La concurrence s'exerçant sur le seul coût du travail, le plus grand accès aux marchés pour les entreprises des pays industrialisés ne s'accompagne pas d'un développement significatif de l'emploi dans ces pays, mais sert de prétexte à imposer d'importantes réductions des droits des salariés (droit de négociation collective, protection sociale). Les délocalisations étant essentiellement tournées vers l'exportation ne favorisent pas non plus significativement le développement. Aujourd'hui, plus d'un milliard d'hommes et de femmes sont au chômage ou sous-employés, alors que presque 1,4 milliard de personnes - pratiquement la moitié de la population active mondiale totale - luttent pour survivre en dessous du seuil de pauvreté de 2 dollars (1,6 euros) par jour.

Enfin, alors qu'en 2005, 852 millions de personnes souffraient de la faim selon l'ONU, est il bien fondé que l'agriculture soit régie par les seules règles de l'OMC, la "règle du marché" étant "l'absence de règle" ?

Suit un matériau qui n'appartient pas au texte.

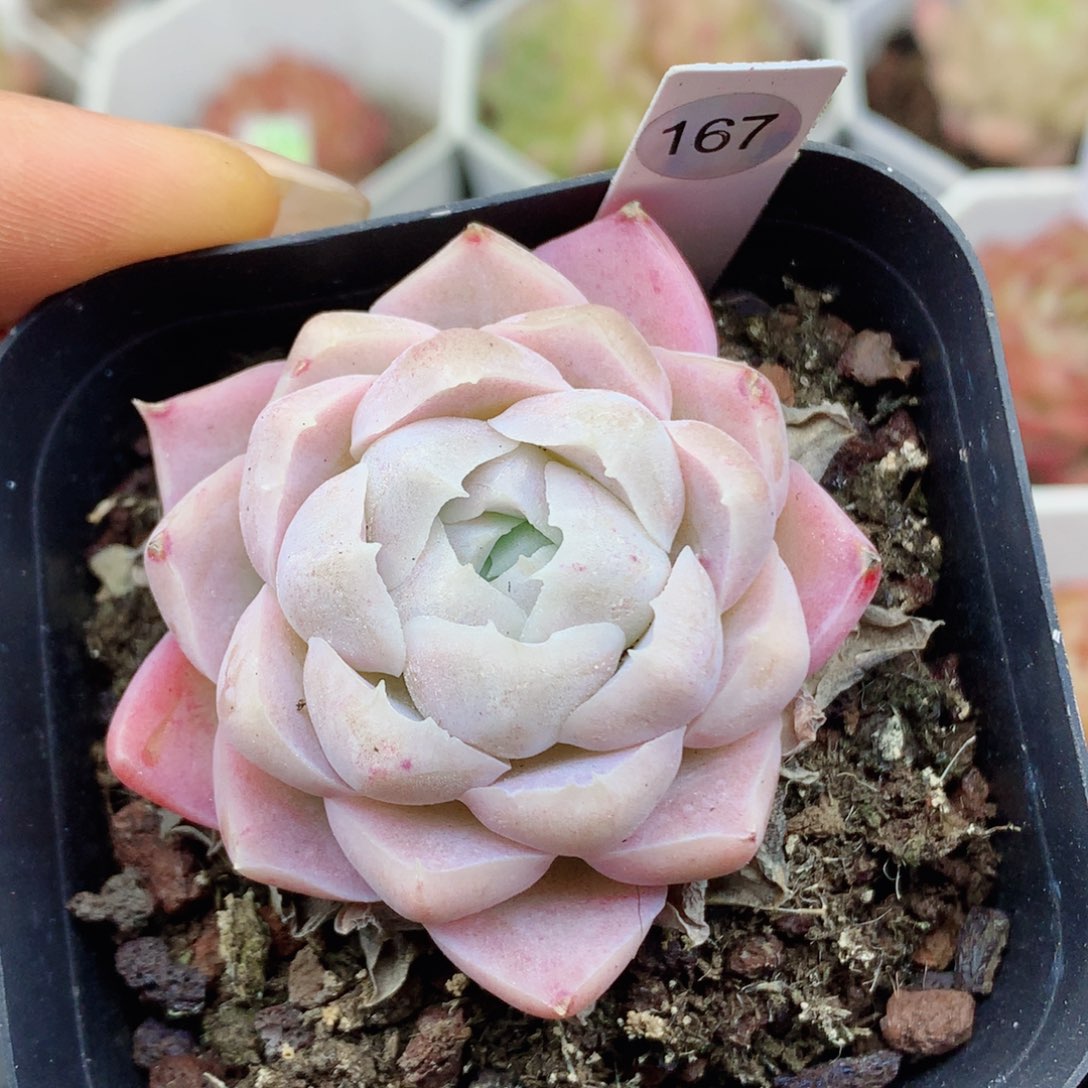 月影58包邮  群生不包整167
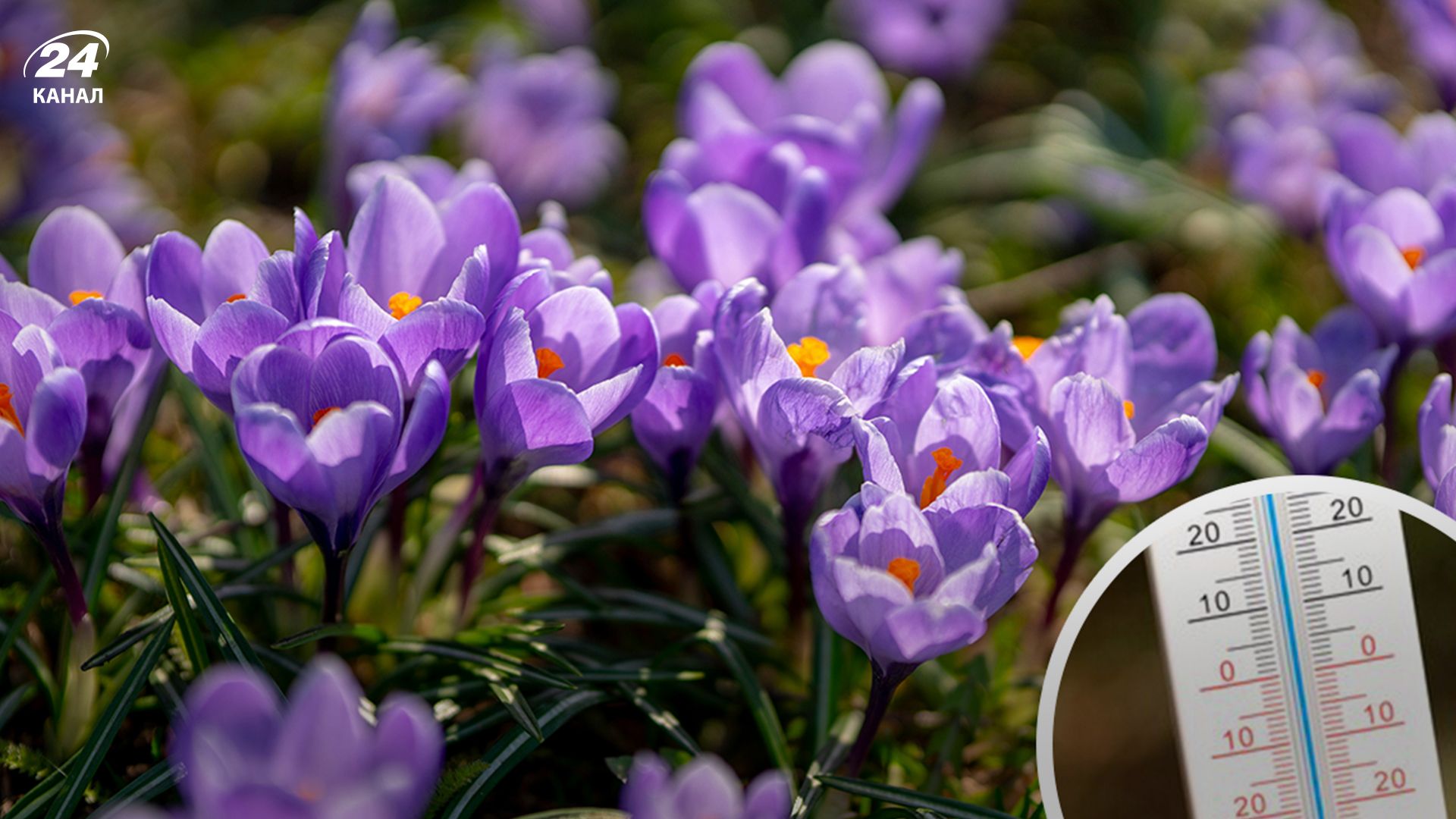 Где пригреет почти до 20 градусов - 24 Канал Где пригреет почти до 20 градусов - 24 Канал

Il est temps, si l'on veut effectivement changer de logique, que la primauté soit résolument donnée au respect des normes internationales du travail et au développement.

On pourrait commencer par décider que, pour participer aux négociations de l'OMC, les Etats doivent ratifier les Normes Fondamentales de l'OIT. A charge pour l'OIT, et la seule OIT, d'exercer le contrôle de l'application des normes, au risque sinon de mettre en balance les droits des travailleurs avec les droits commerciaux. En amenant la Chine à ratifier les normes fondamentales et à se soumettre, ainsi, au contrôle de leur application, un grand pas serait fait dans le sens de l'amélioration des conditions de travail en Chine. Au-delà, l'économie mondiale, appuyée sur le respect des droits de l'Homme et des travailleurs, ne s'en porterait que mieux.